#### Listed records
▬▬▬
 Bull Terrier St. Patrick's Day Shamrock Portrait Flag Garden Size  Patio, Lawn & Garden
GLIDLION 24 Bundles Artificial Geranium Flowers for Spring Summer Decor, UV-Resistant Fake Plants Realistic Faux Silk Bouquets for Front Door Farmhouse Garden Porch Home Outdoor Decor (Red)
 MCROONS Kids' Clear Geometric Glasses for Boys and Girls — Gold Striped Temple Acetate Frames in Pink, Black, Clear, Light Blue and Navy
▬▬▬
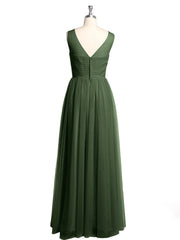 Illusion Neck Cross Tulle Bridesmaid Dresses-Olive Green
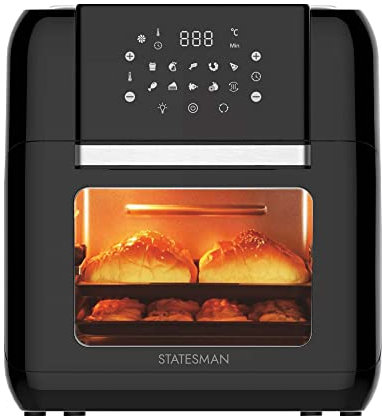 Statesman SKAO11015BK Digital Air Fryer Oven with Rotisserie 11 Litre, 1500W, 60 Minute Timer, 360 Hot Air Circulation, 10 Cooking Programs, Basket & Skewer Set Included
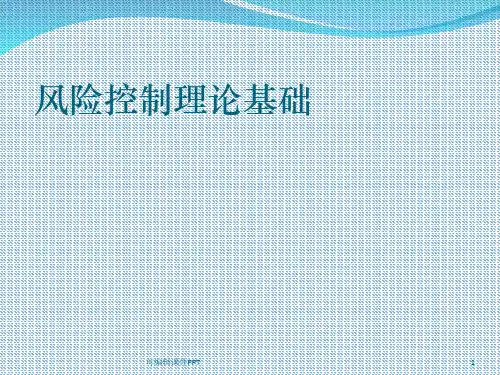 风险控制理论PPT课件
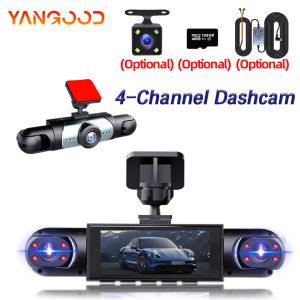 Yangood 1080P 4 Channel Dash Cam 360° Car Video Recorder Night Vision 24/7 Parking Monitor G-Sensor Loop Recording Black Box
▬▬▬
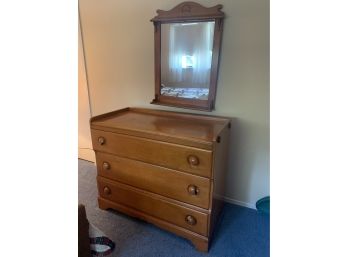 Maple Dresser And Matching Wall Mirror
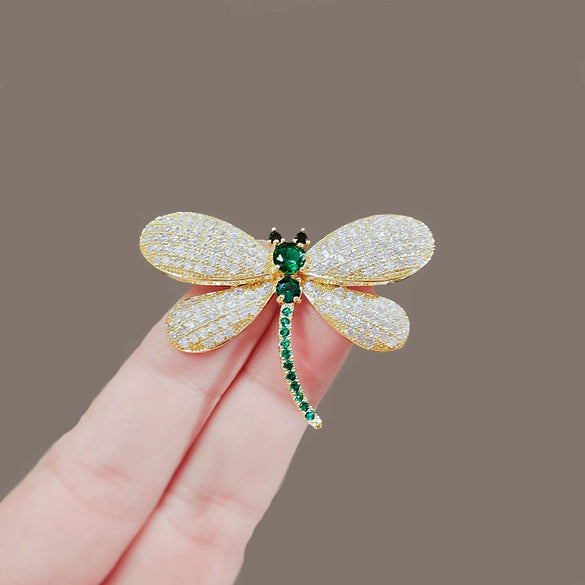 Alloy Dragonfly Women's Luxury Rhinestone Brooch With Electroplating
▬▬▬
#### Work order
Look through the material above. Transcribe exactly the lines between the ones with "风险控制理论PPT课件" and "Yangood 1080P 4", inclusive, and keep pictures out.

#### Reply
 风险控制理论PPT课件
 Yangood 1080P 4 Channel Dash Cam 360° Car Video Recorder Night Vision 24/7 Parking Monitor G-Sensor Loop Recording Black Box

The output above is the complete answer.